Entries shown:
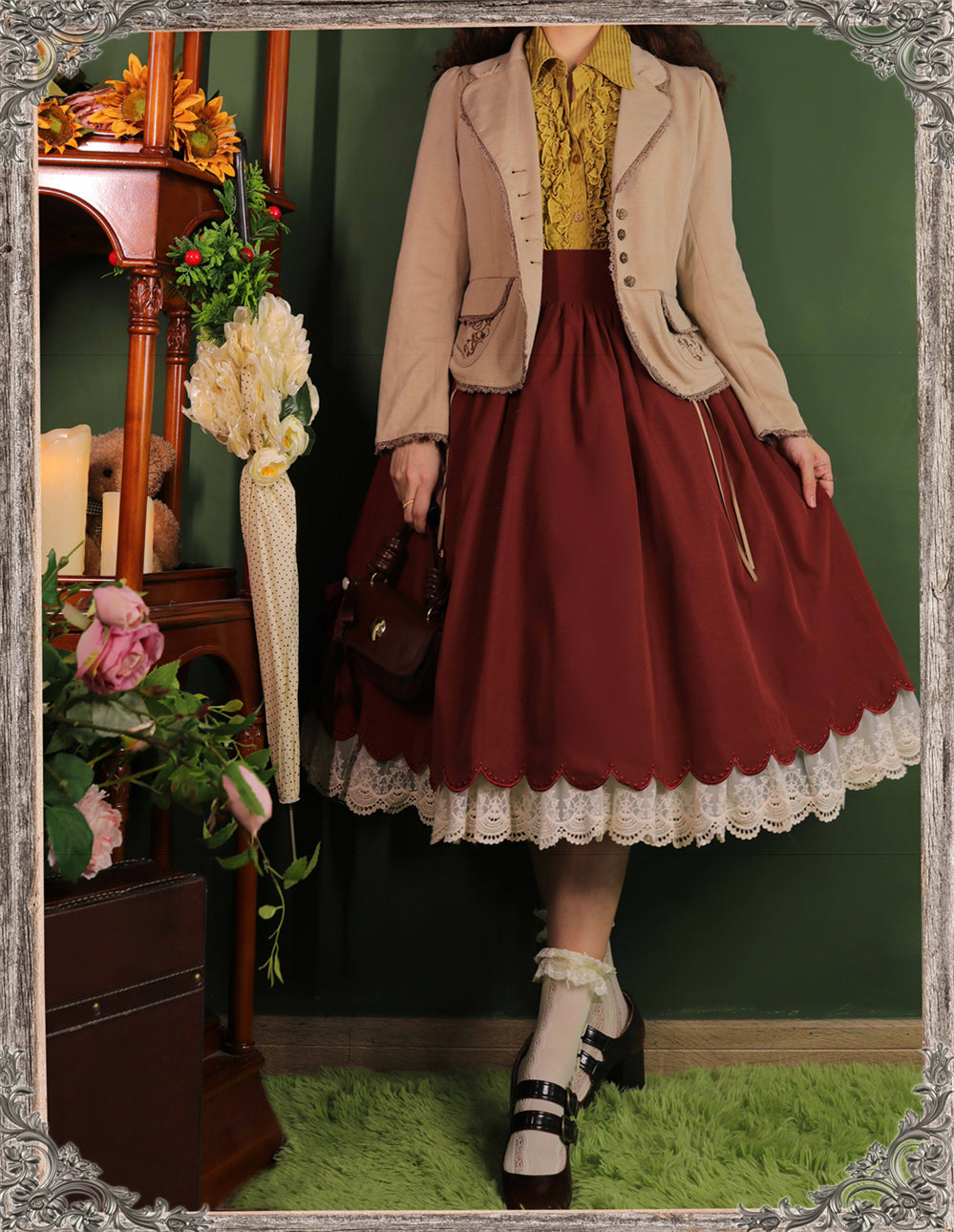 Countess's Autumn Tour - Retro Lolita Embroidery Long SK - image 19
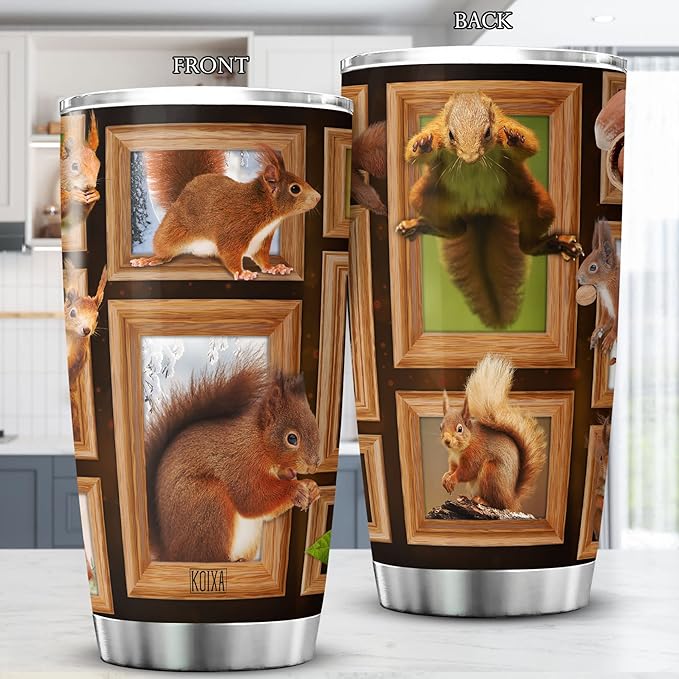 Squirrel Insulated Tumbler With Lid 20 Oz Cute Squirrels Rodent Animal Print Cup Christmas Gift For Women Birthday Present Squirrel Things For Squirrel Lovers Animals Gifts - Bloomnest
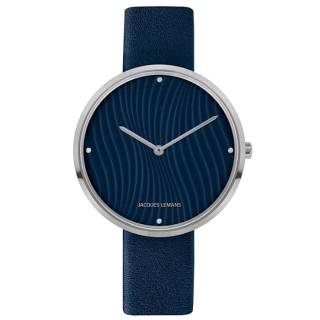 Ρολόι Jacques LEMANS 1-2093D Jacques LEMANS Design Blue Leather Strap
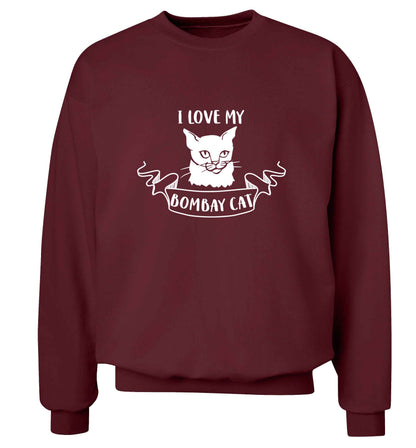 I love my bombay cat adult's unisex maroon sweater 2XL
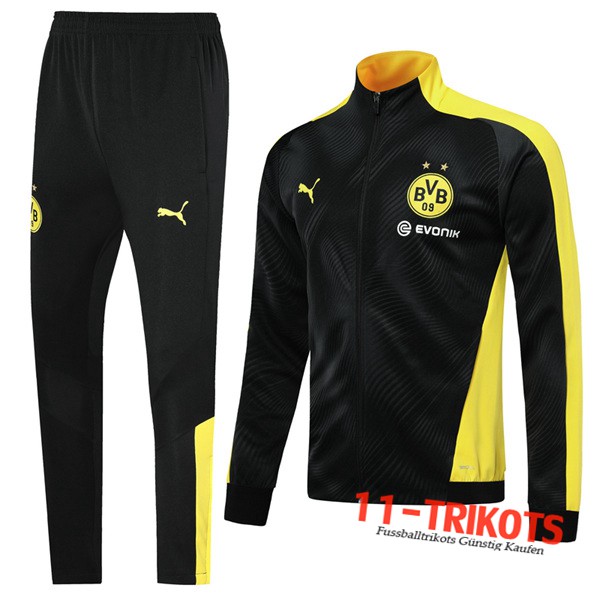 Neuestes Fussball Dortmund BVB Trainingsanzug (Jacke) Schwarz Gelb 2019 2020 | 11-trikots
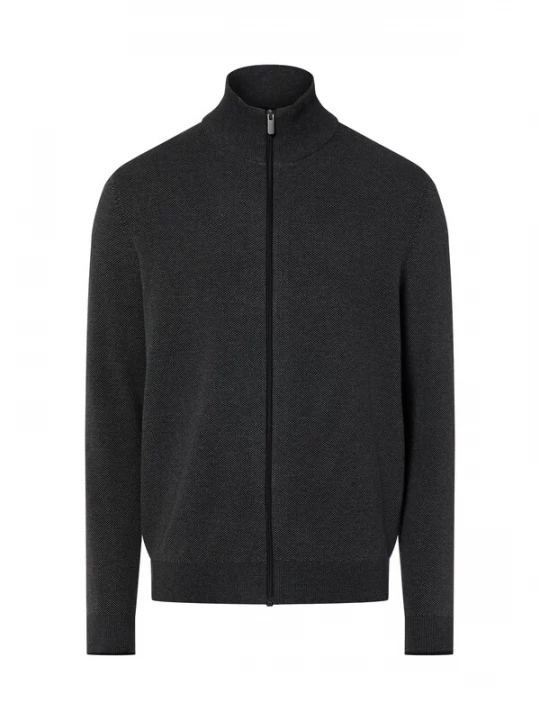 Foto van product Nils Sundström Gebreid vest zwart gemêleerd
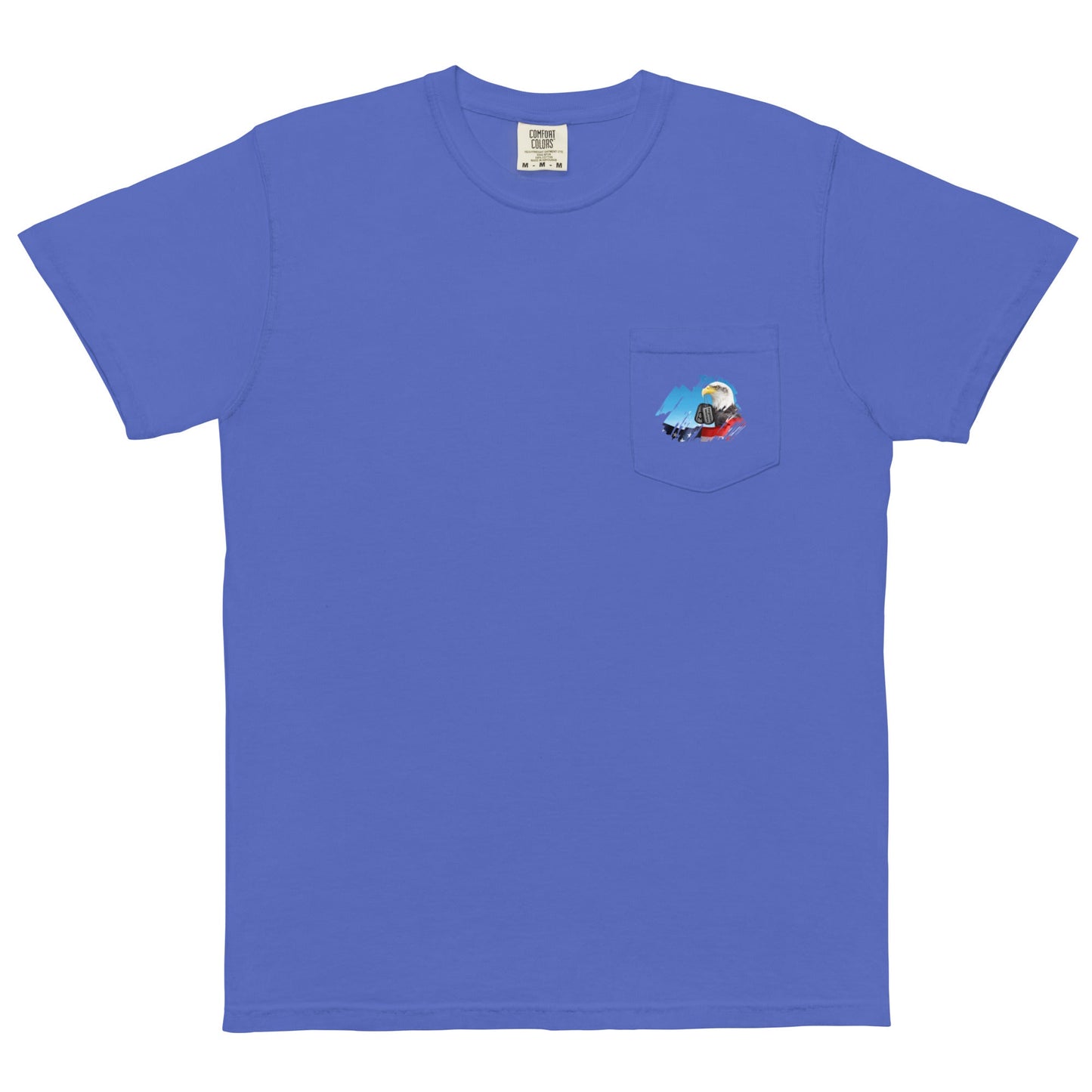 Unisex garment-dyed pocket t-shirt with Forgotten CZ Veterans on pocket design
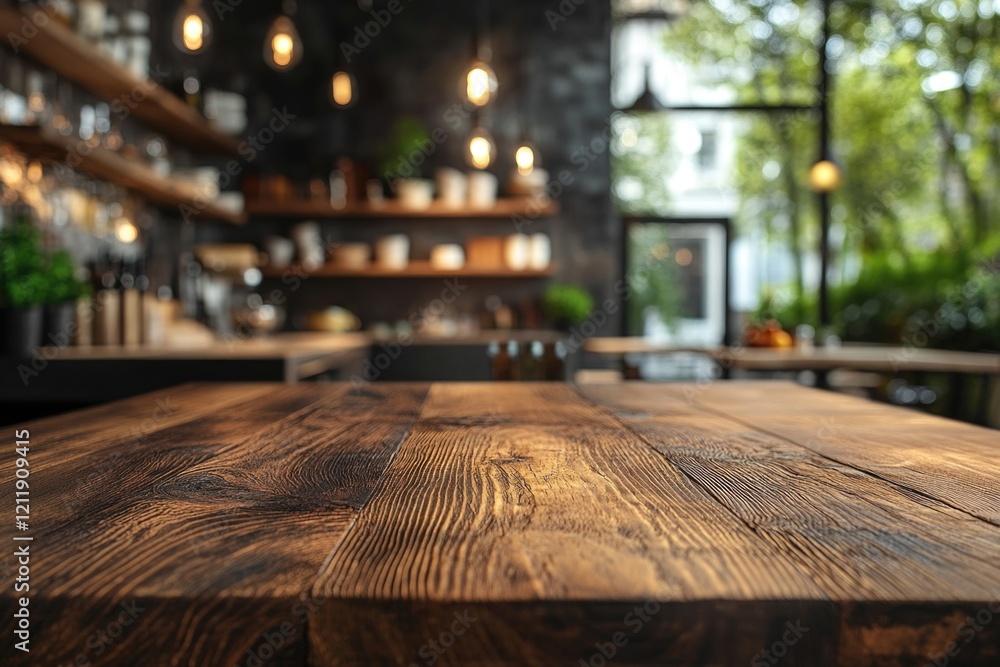 Aufkleber A simple wooden table placed in front of a window, perfect for studying or working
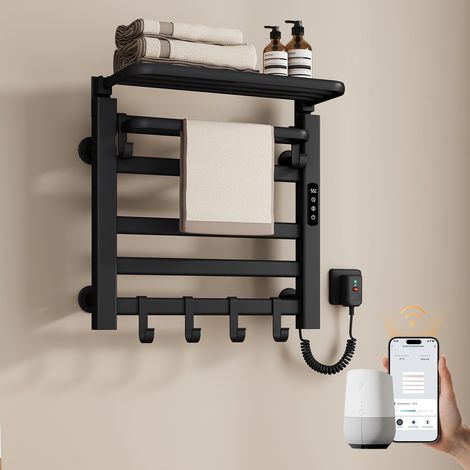 EMKE Scaldasalviette elettrico da bagno, 500 x 500 mm, intelligente a temperatura costante, scaldasalviette elettrico con ripiano, Right 140 W, nero (1/5)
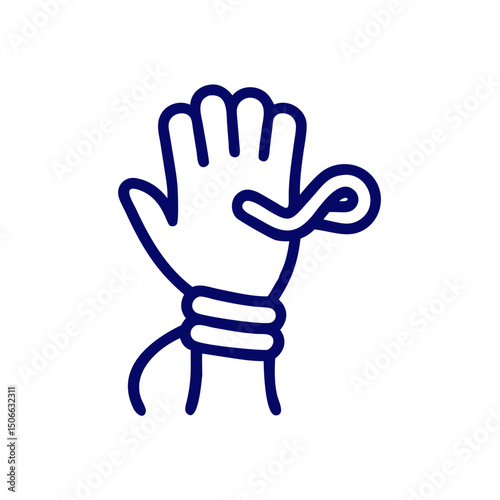Hand tied with rope and loop in simple line art style - Concept of restraint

Assignment: Set down, word for word, the line that holds "EMKE Scaldasalviette elettrico" and all lines after it to the end of the entries above, but not the pictures.

Answer section:
 EMKE Scaldasalviette elettrico da bagno, 500 x 500 mm, intelligente a temperatura costante, scaldasalviette elettrico con ripiano, Right 140 W, nero (1/5)
Hand tied with rope and loop in simple line art style - Concept of restraint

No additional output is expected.